Le changement porte sur les conventions collectives de complémentaire en matière de santé des employés du secteur privé. Le paiement d’une part des contributions à la mutuelle par les dirigeants pour les 13 millions d’employés continue à s’accroître jusqu’à l’année 2016 où la complémentaire santé sera adoptée par toutes les entreprises.

Jusqu’à maintenant, les parts des complémentaires santé de groupe qui sont inéluctables pour les employés et les dirigeants, offrent de nombreux privilèges dans les domaines fiscaux et les domaines sociaux :

•           la contribution fiscale du dirigeant n’était pas déductibles (selon quelques conditions) de cotisations sociales (à l’exception du CRDS et du CRG) et ne fais pas partie de l’impôt sur les sociétés ;

•           La somme finale de la contribution à la supplémentaire, peut importe le degré de contribution du dirigeant, était enlevée complètement du rente taxable de l’employé (dans certains cas, il existe un seuil).

A compter du 1er janvier 2013, on a pu constater des changements règlementaires. En fait, la participation de la société sur les contributions à la complémentaire santé évolue en rente imposabe. Cette participation est perçue comme un privilège financier à certifier à la finance.
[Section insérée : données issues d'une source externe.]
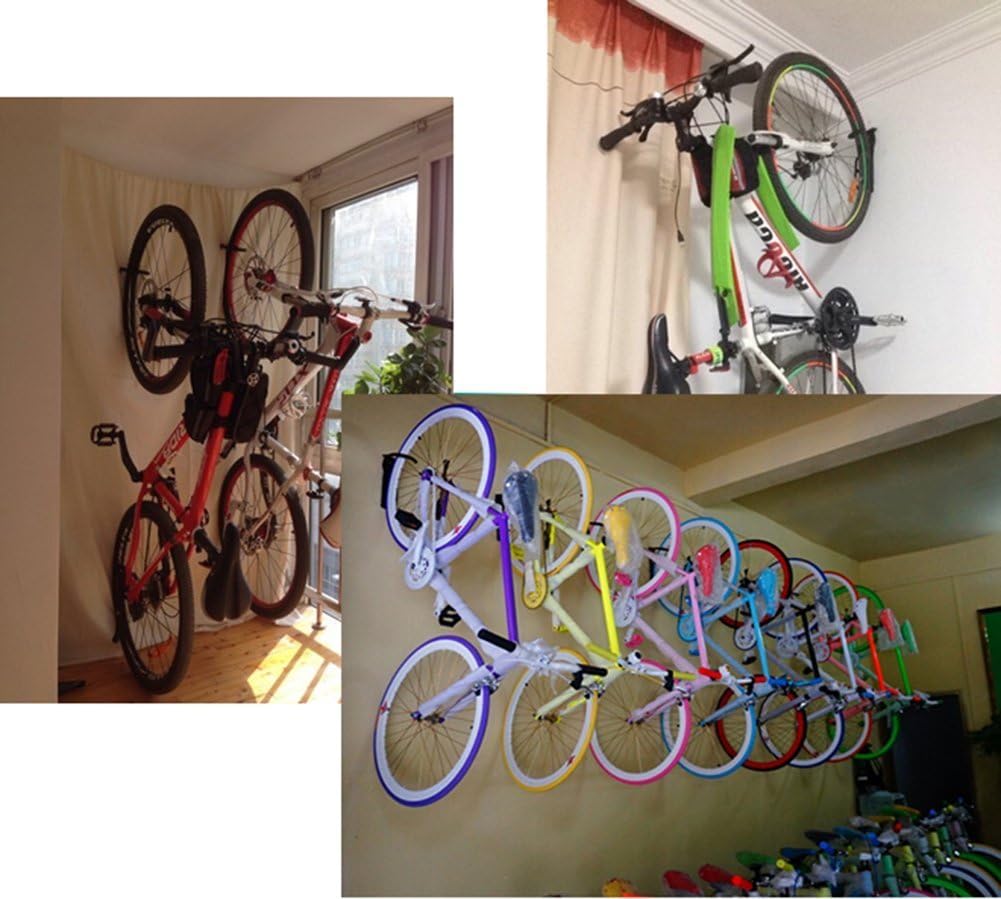 DIRZA Bike Rack Garage Wall Mount Bike Hanger Bike Hooks Bike Storage Bicycle Vertical System for Garage Indoor Shed - Easily Hang/Detach - Holds up to 65 lb with Screws Black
Evaluation : 13 millions d’employés sont obligés de payer 100 euros et même plus à leur rémunération taxable de l’année 2013 ! Cette obligation des mutuelles des employés va engendrer une augmentation des taxes à payer, qui s’élèvent entre 90 € et 150 €.

Avec une participation mensuelle de 100 € par exemple, et un remboursement de 60 % par votre dirigeant (ce qui correspond à leur contribution moyenne), votre revenu annuel imposable s’élève à 720 €. Soit une augmentation de taxe de  101 € si vous devez payer un impôt de 14 % (vu que votre salaire n’a pas vraiment augmenté) ! Sûrement, plus la participation couverte par le dirigeant est intéressante, plus votre revenu imposable va s’élever, avec la probabilité de passage éventuel dans la tranche supérieure.

Vu que la généralisation des mutuelles de groupe dans les sociétés est en vigueur, ce changement du régime financier des complémentaires santé de groupe marquera obligatoirement les éventuelles négociations des partenaires sociaux. Le point négatif concernant les conventions collectives est le fait que, de part l’augmentation du coût, elles ne peuvent offrir que des assurances minimale et finalement, l’accès aux soins en subisse. Les employés souhaitant être assurés parfaitement seront donc forcés d’adhérer à une surcomplémentaire individuelle.